Or run the benchmarking for random:

```bash
vllm bench serve \
  --omni \
  --port 43845 \
  --endpoint /v1/chat/completions \
  --backend openai-chat-omni \
  --model /home/models/Qwen/Qwen3-Omni-30B-A3B-Instruct \
  --dataset-name random \
  --num-prompts 2 \
  --random-prefix-len 5 \
  --random-input-len 10 \
  --random-output-len 100 \
  --percentile-metrics ttft,tpot,itl,e2el,audio_ttfp,audio_rtf \
  --ignore-eos
```

If successful, you will see the following output:

```text
============ Serving Benchmark Result ============
Successful requests:                     2
Failed requests:                         0
Benchmark duration (s):                  24.35
Request throughput (req/s):              0.08
Peak concurrent requests:                2.00
----------------End-to-end Latency----------------
Mean E2EL (ms):                          22576.23
Median E2EL (ms):                        22576.23
P99 E2EL (ms):                           24205.72
================== Text Result ===================
Total input tokens:                      30
Total generated tokens:                  8973
Output token throughput (tok/s):         368.52
Peak output token throughput (tok/s):    81.00
Peak concurrent requests:                2.00
Total Token throughput (tok/s):          369.76
---------------Time to First Token----------------
Mean TTFT (ms):                          125.16
Median TTFT (ms):                        125.16
P99 TTFT (ms):                           155.88
-----Time per Output Token (excl. 1st token)------
Mean TPOT (ms):                          5.01
Median TPOT (ms):                        5.01
P99 TPOT (ms):                           5.42
---------------Inter-token Latency----------------
Mean ITL (ms):                           34.15
Median ITL (ms):                         0.01
P99 ITL (ms):                            376.19
================== Audio Result ==================
Total audio duration generated(s):       3.95
Total audio frames generated:            94890
Audio throughput(audio duration/s):      0.16
---------------Time to First Packet---------------
Mean AUDIO_TTFP (ms):                    11756.89
Median AUDIO_TTFP (ms):                  11756.89
P99 AUDIO_TTFP (ms):                     20854.25
-----------------Real Time Factor-----------------
Mean AUDIO_RTF:                          3.75
Median AUDIO_RTF:                        3.75
P99 AUDIO_RTF:                           7.39
==================================================
```
Notes:
We use (audio generation time - first packet latency) / audio duration to calculate RTF.

</details>

### Multi-Modal Benchmark

<details class="admonition abstract" markdown="1">
<summary>Show more</summary>

Benchmark the performance of multi-modal requests in vLLM-Omni.

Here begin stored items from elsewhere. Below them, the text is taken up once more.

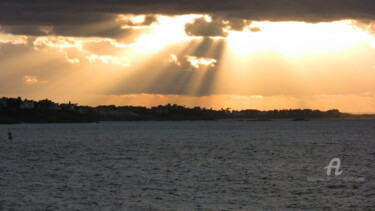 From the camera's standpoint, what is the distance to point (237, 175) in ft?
214

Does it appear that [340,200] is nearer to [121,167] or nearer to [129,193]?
[129,193]

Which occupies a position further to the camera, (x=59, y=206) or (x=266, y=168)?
(x=266, y=168)

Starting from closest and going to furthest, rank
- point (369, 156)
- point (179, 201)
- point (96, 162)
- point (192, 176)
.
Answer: point (179, 201)
point (192, 176)
point (96, 162)
point (369, 156)

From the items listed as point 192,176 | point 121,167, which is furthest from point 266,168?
point 121,167

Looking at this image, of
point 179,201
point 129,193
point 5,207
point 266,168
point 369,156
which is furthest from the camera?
point 369,156

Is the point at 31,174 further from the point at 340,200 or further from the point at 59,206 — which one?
the point at 340,200

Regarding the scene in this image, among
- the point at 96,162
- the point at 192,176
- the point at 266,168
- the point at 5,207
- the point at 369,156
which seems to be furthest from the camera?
the point at 369,156

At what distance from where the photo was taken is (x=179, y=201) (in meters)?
47.0

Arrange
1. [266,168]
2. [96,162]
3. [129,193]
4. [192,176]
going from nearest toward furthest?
[129,193], [192,176], [266,168], [96,162]

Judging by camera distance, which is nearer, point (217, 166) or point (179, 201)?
point (179, 201)

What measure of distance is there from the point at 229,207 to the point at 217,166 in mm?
32449

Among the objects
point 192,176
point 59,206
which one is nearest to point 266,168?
point 192,176

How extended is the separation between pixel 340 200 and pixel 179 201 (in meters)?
13.7

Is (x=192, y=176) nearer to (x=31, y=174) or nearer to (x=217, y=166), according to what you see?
(x=217, y=166) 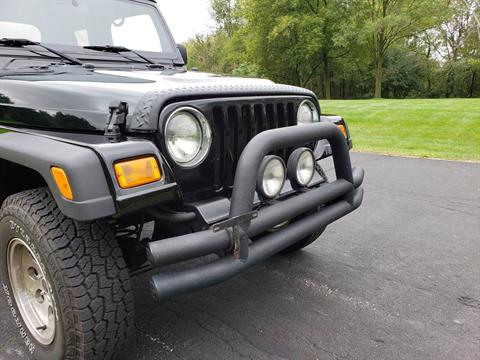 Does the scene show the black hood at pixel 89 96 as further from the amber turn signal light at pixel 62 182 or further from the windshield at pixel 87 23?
the windshield at pixel 87 23

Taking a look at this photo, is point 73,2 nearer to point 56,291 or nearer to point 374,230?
point 56,291

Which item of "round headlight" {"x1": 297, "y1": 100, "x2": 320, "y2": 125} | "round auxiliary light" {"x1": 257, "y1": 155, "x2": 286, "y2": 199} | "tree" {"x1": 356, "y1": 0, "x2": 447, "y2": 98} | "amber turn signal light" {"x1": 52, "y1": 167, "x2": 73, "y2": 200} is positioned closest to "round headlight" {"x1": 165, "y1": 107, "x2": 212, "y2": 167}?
"round auxiliary light" {"x1": 257, "y1": 155, "x2": 286, "y2": 199}

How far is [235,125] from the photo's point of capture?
6.41 feet

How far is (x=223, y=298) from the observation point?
Answer: 2539 millimetres

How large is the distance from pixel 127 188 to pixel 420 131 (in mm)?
10429

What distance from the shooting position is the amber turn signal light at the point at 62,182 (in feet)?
4.79

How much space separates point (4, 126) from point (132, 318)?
1.21 metres

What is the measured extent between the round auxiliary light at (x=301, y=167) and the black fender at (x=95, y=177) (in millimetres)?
697

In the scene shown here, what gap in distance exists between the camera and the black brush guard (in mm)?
1567

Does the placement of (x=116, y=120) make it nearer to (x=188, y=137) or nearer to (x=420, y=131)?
(x=188, y=137)

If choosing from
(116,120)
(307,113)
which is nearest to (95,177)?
(116,120)

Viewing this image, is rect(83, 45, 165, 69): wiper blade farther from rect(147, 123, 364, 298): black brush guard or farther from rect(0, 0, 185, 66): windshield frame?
rect(147, 123, 364, 298): black brush guard

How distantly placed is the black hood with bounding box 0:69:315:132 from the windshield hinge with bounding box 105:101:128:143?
0.04m

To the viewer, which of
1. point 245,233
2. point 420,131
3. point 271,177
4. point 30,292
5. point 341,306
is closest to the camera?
point 245,233
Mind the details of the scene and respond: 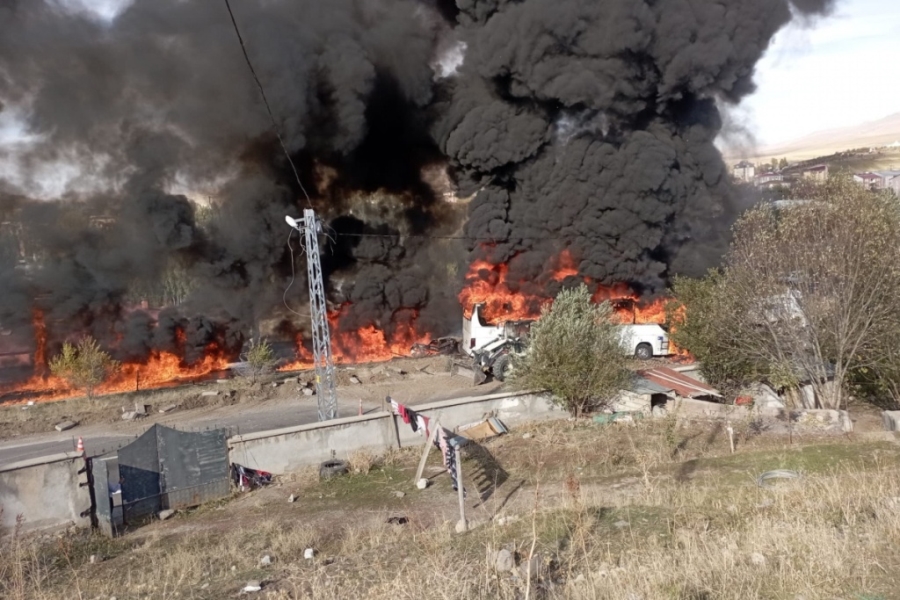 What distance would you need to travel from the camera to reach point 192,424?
72.2ft

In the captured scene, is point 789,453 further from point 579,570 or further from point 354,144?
point 354,144

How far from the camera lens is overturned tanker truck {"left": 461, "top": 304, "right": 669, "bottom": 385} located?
2506cm

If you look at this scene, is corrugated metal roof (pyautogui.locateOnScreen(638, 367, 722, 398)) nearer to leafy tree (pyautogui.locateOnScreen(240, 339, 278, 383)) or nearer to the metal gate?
the metal gate

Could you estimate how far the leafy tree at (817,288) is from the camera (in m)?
15.6

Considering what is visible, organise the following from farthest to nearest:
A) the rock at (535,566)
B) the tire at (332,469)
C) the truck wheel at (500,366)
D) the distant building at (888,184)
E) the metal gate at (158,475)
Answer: the truck wheel at (500,366) < the distant building at (888,184) < the tire at (332,469) < the metal gate at (158,475) < the rock at (535,566)

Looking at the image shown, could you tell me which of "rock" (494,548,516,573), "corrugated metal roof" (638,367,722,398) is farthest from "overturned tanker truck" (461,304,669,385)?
"rock" (494,548,516,573)

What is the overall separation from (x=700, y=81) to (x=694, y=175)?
462 cm

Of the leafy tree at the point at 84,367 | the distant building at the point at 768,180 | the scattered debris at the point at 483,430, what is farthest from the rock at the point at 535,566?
the distant building at the point at 768,180

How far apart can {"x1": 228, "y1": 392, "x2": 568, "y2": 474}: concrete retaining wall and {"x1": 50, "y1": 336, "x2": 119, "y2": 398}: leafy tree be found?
13.4 m

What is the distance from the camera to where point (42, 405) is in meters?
25.0

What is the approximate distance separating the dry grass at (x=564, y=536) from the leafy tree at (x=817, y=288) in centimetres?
315

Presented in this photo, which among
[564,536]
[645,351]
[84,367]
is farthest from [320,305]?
[645,351]

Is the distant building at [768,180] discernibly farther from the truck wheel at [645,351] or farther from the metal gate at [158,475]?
the metal gate at [158,475]

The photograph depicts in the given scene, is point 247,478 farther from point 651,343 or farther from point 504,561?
point 651,343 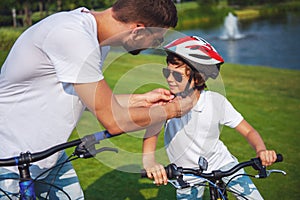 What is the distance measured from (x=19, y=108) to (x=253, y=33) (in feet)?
67.7

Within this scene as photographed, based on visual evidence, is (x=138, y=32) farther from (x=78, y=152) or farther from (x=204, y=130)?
(x=204, y=130)

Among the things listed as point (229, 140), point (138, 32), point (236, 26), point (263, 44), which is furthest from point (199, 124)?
point (236, 26)

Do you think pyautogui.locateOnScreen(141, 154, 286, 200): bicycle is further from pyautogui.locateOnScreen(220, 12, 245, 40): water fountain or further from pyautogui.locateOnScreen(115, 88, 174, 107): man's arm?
pyautogui.locateOnScreen(220, 12, 245, 40): water fountain

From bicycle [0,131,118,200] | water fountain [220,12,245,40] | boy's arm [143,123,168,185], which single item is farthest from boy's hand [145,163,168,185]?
water fountain [220,12,245,40]

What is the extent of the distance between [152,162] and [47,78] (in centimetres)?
63

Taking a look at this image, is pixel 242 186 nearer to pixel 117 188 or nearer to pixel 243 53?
pixel 117 188

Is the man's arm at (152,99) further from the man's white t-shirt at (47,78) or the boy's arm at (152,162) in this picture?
the man's white t-shirt at (47,78)

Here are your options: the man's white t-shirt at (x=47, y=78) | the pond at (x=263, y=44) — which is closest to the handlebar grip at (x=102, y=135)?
the man's white t-shirt at (x=47, y=78)

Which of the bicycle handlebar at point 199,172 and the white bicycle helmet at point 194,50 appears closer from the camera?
the bicycle handlebar at point 199,172

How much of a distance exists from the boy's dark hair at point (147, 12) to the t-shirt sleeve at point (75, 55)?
22 centimetres

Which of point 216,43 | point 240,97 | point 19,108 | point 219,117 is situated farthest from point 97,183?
point 216,43

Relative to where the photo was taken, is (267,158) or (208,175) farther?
(267,158)

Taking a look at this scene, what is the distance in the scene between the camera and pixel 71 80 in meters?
2.05

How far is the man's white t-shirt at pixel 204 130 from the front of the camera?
3.01 metres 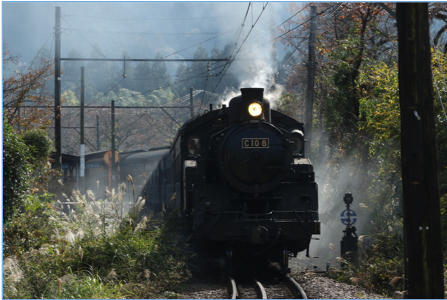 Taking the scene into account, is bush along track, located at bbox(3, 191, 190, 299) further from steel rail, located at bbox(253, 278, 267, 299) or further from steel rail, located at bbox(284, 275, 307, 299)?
steel rail, located at bbox(284, 275, 307, 299)

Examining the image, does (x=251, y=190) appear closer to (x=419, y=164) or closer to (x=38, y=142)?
(x=419, y=164)

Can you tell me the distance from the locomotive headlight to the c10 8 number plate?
1.61ft

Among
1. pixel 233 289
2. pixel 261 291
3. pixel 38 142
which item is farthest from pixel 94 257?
pixel 38 142

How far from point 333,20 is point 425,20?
16.6 m

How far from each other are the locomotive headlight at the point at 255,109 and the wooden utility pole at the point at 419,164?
153 inches

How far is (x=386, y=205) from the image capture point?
46.8 ft

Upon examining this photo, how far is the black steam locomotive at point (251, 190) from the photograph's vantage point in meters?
9.03

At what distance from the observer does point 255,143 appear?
920 cm

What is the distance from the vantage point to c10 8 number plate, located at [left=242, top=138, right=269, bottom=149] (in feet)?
30.1

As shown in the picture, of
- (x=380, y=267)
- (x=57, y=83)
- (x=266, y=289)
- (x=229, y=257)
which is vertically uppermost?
(x=57, y=83)

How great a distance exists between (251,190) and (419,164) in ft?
13.4

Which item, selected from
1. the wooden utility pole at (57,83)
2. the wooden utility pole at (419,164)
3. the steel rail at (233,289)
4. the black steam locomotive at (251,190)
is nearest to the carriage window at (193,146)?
the black steam locomotive at (251,190)

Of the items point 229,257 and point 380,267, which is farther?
point 229,257

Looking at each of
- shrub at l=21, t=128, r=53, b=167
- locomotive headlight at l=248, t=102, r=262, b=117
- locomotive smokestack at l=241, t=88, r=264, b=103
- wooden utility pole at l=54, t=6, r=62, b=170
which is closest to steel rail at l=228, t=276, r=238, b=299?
locomotive headlight at l=248, t=102, r=262, b=117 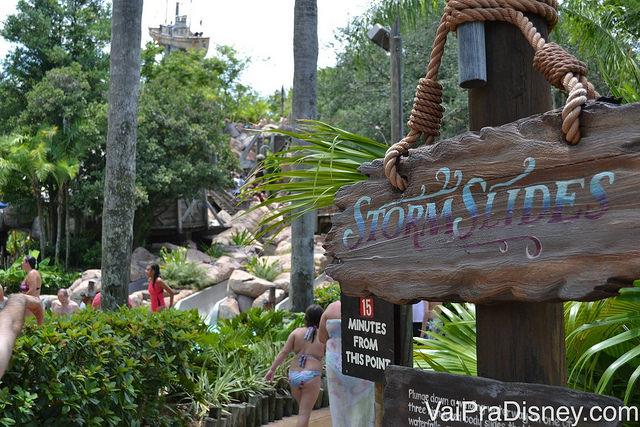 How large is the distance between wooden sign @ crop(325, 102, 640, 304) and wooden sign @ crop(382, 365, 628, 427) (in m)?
0.24

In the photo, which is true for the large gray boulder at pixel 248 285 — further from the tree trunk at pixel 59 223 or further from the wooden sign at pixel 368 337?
the wooden sign at pixel 368 337

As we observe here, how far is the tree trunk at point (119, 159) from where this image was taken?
7418mm

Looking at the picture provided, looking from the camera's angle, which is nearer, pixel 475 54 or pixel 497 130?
pixel 497 130

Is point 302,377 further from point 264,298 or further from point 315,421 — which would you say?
point 264,298

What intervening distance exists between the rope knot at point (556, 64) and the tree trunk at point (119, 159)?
21.0 feet

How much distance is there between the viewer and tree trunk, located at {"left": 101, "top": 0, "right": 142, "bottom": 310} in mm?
7418

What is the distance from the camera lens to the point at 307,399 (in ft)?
21.1

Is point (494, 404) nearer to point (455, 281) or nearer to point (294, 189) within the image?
point (455, 281)

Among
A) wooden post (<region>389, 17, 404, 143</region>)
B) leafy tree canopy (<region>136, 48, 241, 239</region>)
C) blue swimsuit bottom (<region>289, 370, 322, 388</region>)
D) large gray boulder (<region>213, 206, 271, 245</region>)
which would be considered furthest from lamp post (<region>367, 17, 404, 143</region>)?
large gray boulder (<region>213, 206, 271, 245</region>)

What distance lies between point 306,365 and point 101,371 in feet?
7.17

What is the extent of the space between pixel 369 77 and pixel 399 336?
1865 cm

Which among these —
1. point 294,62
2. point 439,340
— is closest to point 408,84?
point 294,62

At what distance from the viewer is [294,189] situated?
290 cm

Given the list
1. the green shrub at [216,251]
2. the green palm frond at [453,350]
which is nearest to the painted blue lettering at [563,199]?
the green palm frond at [453,350] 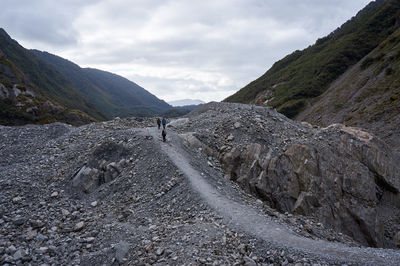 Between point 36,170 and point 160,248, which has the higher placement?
point 36,170

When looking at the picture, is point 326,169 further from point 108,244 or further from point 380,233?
point 108,244

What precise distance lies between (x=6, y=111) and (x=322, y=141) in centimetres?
8556

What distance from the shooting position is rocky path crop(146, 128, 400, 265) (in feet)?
33.4

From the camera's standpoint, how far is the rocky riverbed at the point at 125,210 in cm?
1150

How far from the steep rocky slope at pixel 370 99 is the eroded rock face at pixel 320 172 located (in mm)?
26194

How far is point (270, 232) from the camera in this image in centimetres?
1231

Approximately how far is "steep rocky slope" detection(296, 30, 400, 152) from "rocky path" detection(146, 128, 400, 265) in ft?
145

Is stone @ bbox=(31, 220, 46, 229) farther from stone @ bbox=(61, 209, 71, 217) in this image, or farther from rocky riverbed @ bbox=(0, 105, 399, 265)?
stone @ bbox=(61, 209, 71, 217)

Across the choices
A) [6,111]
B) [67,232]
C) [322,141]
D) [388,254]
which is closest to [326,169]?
[322,141]

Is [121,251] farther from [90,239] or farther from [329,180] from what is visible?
[329,180]

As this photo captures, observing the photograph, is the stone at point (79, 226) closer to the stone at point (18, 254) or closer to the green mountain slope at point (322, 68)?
the stone at point (18, 254)

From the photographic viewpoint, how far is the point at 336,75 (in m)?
104

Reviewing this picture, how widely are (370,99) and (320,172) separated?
191ft

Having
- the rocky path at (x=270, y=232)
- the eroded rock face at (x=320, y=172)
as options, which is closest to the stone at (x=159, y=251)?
the rocky path at (x=270, y=232) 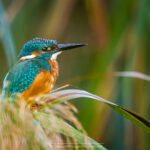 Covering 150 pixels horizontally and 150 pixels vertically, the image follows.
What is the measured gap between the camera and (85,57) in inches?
151

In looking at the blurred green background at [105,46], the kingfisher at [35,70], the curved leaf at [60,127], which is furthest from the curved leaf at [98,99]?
the blurred green background at [105,46]

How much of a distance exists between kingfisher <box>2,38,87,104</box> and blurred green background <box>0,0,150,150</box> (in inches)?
5.6

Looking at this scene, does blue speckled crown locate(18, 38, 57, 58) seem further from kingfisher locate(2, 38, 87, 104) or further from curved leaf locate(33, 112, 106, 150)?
curved leaf locate(33, 112, 106, 150)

Generate synthetic image、video、audio inputs alongside random text prompts to stress-test vision models without external datasets.

Notes:

- Works only with online benchmark via the OpenAI backend (`--backend openai-chat-omni`) and endpoint `/v1/chat/completions`.

Start the server (example):

```bash
vllm serve Qwen/Qwen2.5-Omni-7B --omni
```

It is recommended to use the flag `--ignore-eos` to simulate real responses. You can set the size of the output via the arg `random-output-len`.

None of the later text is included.